SSGs are hugely popular among nerds and practically unknown among everybody else. The result is a kind of distortion where, to nerds, it looks like SSGs are about to take over the world -- "all my friends use them!" But step outside that tight network of people and they are more or less completely off the radar.
I agree - I find the idea of static site generators (SSGs) very appealing, but they are not user-friendly to setup - unless you happen to be technically-minded. Some tell-tale signs that SSGs are made by programmers for other programmers: command line-installation and configuration, a liking for markdown (and a dislike for WYSIWYG).
Just to be clear, I'm not knocking any of this. The fact that people have put their own time and effort into building SSGs and then generously open sourced them is pretty awesome.
In my view, the audience for SSGs, whether intentional or not, is mostly other programmers. What would it take to make an SSG appeal to a broader set of users?
I'd agree with your assessment. We're testing an SSG with an international website to see what the experience is like. We've traditionally used Drupal, although we use almost zero of the CMS-functionality of Drupal (hence why we were looking at SSGs). We're using Hexo for this deploy. Here's what we've found:
- For complex web pages with a lot of design, we have to put most of the content into .jade files - mainly because of the style of our webpages (long-single-page style with a lot of sections). If we were doing a more traditional page structure, then we could have markdown files. This is "ok" but requires content authors to get into .jade files which can be a little intimating. (if anyone has any thoughts about how to get around this, I'm open to hear them).
- We're storing the files in Github, but have now figured out that if we want a distributed team to work on this, we'll need something like Jenkins to auto-deploy to a staging server on commit. The problem is that the first thing people want to do once they've made an edit check the page to see if it worked. This is trivial in WP or Drupal, but without Jenkins in place, I don't see an obvious way to do it unless we have the content folks run Hexo locally (which I'd like to avoid).
- Huge improvement in the speed of the site vs. the Drupal website. Not shocking given the move to static files, but there is also a reduction in javascript - some of which was coming from Drupal.
- Nice to have all content under source control.
All in all, it's a bit of a mixed bag at the moment - the SSG is supposed to be a simplification of our stack, but now we have to run Jenkins to manage deploy (probably not a bad thing but no one here is an expert in it), and our content people are finding it a bit intimidating.

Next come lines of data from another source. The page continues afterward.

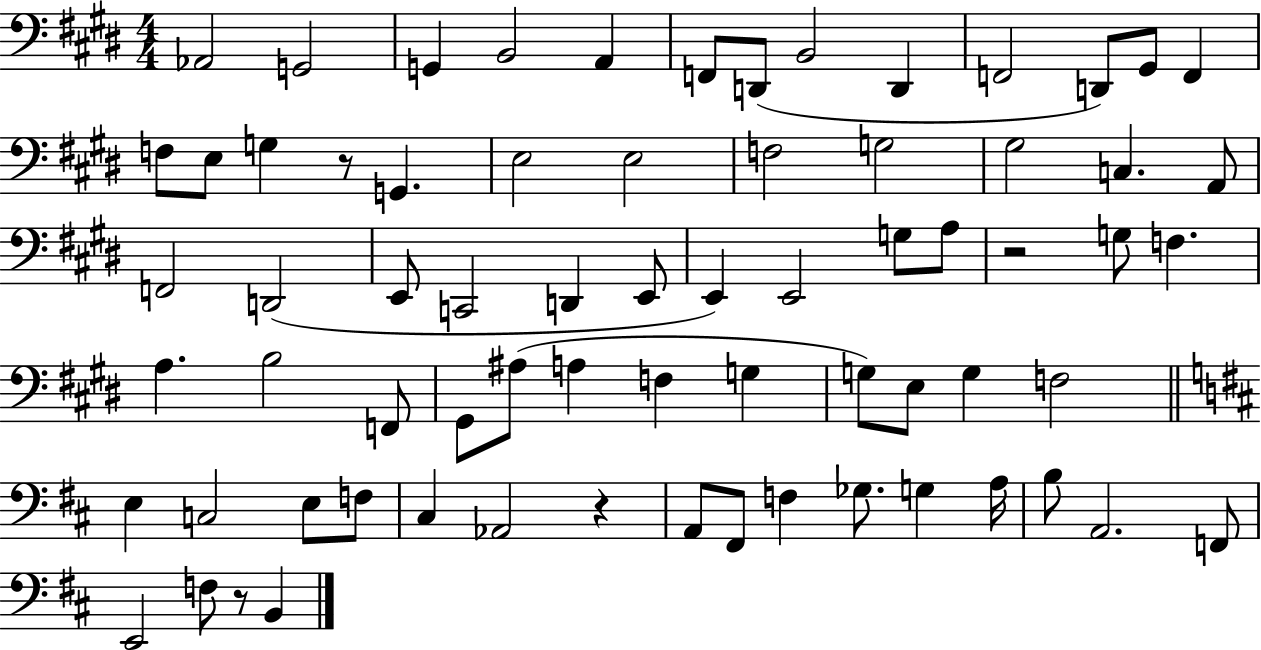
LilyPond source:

{
  \clef bass
  \numericTimeSignature
  \time 4/4
  \key e \major
  \repeat volta 2 { aes,2 g,2 | g,4 b,2 a,4 | f,8 d,8( b,2 d,4 | f,2 d,8) gis,8 f,4 | \break f8 e8 g4 r8 g,4. | e2 e2 | f2 g2 | gis2 c4. a,8 | \break f,2 d,2( | e,8 c,2 d,4 e,8 | e,4) e,2 g8 a8 | r2 g8 f4. | \break a4. b2 f,8 | gis,8 ais8( a4 f4 g4 | g8) e8 g4 f2 | \bar "||" \break \key d \major e4 c2 e8 f8 | cis4 aes,2 r4 | a,8 fis,8 f4 ges8. g4 a16 | b8 a,2. f,8 | \break e,2 f8 r8 b,4 | } \bar "|."
}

My worry: we setup all this stuff, and then someone key on the engineering team leaves and we're left with an overly complex stack vs. just going with Wordpress.
> What would it take to make an SSG appeal to a broader set of users?
I don't think the SSG, as they largely exist today, will ever gain widespread usage by mainstream users.
But one thing that could drive greater adoption would be to develop an aesthetically pleasing web front-end that lets users write content using familiar WYSIWYG tools, but save the content to local files instead of a database. From there, the process would be largely the same as it is now: transform this directory of lightly marked up plain text files into raw HTML.
So, to answer your question: Make it more like Wordpress.
There is no doubt that SSGs will "grow up" and appear to gain features like Wordpress. The difference will be that SSGs are born out of loosely coupled tools in a toolchain ecosystem. Over time, I believe the successful SSGs will have a decidedly Unix flavor to them. Take http://www.metalsmith.io/ as an example.
I think the future of "SSGs" is that they're going to end up as programs running on the server that watch data from various feeds - databases, RSS feeds, APIs - and generate output from those. Basically, a streaming processor framework. The output would likely be in a "semi-baked" format so that they can contain processing instructions that are executed at request time, or otherwise lazily.
These won't be static site generators any more, and will lose out on the "you can throw it up on Github Pages" benefit, but they'll be far more powerful, and it'll be easier to develop dynamic, data-driven websites.
SSGs are hugely popular among nerds and practically unknown among everybody else. The result is a kind of distortion where, to nerds, it looks like SSGs are about to take over the world -- "all my friends use them!" But step outside that tight network of people and they are more or less completely off the radar.